Sunday, December 18, 2016

Süssmayr, Cooke, Cerha, and Serly

Sometimes, when someone dies and their life's work goes unfinished as a result, another person steps up to complete the job. Even if they're not quite as skillful as the original auteur, it's important to them that the job gets done.

In the case of these three films, we have not symphonies, but evil schemes that get interrupted -- only to be continued, some time later, by a newcomer's efforts.

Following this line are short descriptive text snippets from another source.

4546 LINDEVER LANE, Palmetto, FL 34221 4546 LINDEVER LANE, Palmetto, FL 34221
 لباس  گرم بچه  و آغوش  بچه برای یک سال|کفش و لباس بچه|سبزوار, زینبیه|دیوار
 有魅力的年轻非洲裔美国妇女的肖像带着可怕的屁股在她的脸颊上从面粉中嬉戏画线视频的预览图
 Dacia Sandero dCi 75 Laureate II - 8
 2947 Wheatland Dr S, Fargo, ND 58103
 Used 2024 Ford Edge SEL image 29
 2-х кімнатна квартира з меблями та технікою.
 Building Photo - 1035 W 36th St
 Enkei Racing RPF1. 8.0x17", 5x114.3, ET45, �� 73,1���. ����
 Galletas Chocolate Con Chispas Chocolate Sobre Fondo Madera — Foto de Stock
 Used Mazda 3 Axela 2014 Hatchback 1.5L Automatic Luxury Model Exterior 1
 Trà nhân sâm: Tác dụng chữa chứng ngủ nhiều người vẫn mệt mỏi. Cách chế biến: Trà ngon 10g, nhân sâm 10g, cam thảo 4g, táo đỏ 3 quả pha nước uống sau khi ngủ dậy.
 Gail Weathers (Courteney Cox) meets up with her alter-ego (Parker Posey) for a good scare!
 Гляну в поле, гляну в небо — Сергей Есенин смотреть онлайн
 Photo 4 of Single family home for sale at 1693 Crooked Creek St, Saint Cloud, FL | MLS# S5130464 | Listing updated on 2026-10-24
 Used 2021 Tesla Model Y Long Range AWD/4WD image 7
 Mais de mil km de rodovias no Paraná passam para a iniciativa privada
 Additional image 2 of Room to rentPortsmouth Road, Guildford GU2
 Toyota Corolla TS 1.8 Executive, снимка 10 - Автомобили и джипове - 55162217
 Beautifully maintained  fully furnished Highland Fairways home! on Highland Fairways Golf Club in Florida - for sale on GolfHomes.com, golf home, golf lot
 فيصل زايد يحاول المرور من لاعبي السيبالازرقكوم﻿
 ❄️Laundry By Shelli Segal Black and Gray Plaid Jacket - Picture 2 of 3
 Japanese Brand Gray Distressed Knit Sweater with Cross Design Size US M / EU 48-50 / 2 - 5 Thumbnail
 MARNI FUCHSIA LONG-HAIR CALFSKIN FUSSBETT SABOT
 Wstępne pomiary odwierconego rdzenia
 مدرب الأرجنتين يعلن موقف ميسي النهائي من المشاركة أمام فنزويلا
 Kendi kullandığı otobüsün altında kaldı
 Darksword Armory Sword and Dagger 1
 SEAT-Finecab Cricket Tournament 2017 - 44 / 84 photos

(And if that seems like a weak theme -- well, it was either that or "All three films feature sexual assault, attempted or otherwise", and that theme's kind of a downer.)



The Ghost Walks (1934)

Grade: B


After a streak of joyless flicks, it's a treat to watch an unapologetically goofy romp like The Ghost Walks, which -- its inclusion on this "horror" box set aside -- is really a farce with a dollop of mystery and a couple of "spooky" elements.

That said, Mill Creek's print of The Ghost Walks is no treat -- not in the audio domain, at least, as the extremely muffled sound renders much of the dialogue near-incomprehensible. Even after heavy filtering in VLC, there were many lines we simply couldn't make out at all.


We were all set to tell you to watch this copy at Archive.org instead, which has far better sound -- but unfortunately, it turns out that it's missing over three minutes from a key scene early in the film. The edit is non-obvious, but the cut material still has a significant impact on the coherence of the plot, and without it the basic conceit of The Ghost Walks makes significantly less sense.


As for what that conceit is, well...rather than spoil the film with a detailed plot summary, we'll merely say that The Ghost Walks -- like so many before it and since -- revolves around that well-worn device, a dark and stormy night.

This particular DASN opens with bigshot producer Herman Wood and his milquetoast assistant Homer Erskine (played by Richard Carle and Johnny Arthur, respectively). These two New Yorkers are being chauffeured through the storm by a young playwright (John Miljan) who wants Mr. Wood to hear a reading of his new play. But naturally, something goes wrong with the car...


...and, after some kvetching in the rain, the trio end up at a spooky old mansion occupied by a bizarre cast of characters, whose personal dramas and grievances quickly ensnare the visitors.


That said it's the crotchety old Wood and, especially, his neurotic assistant who steal the show throughout. Whether Homer Erskine is meant to be a gay character per se, or simply an effete and cowardly "cream-puff", his stormy relationship with Wood -- getting fired at one moment, sharing a bed the next -- is the core of the film's comedy.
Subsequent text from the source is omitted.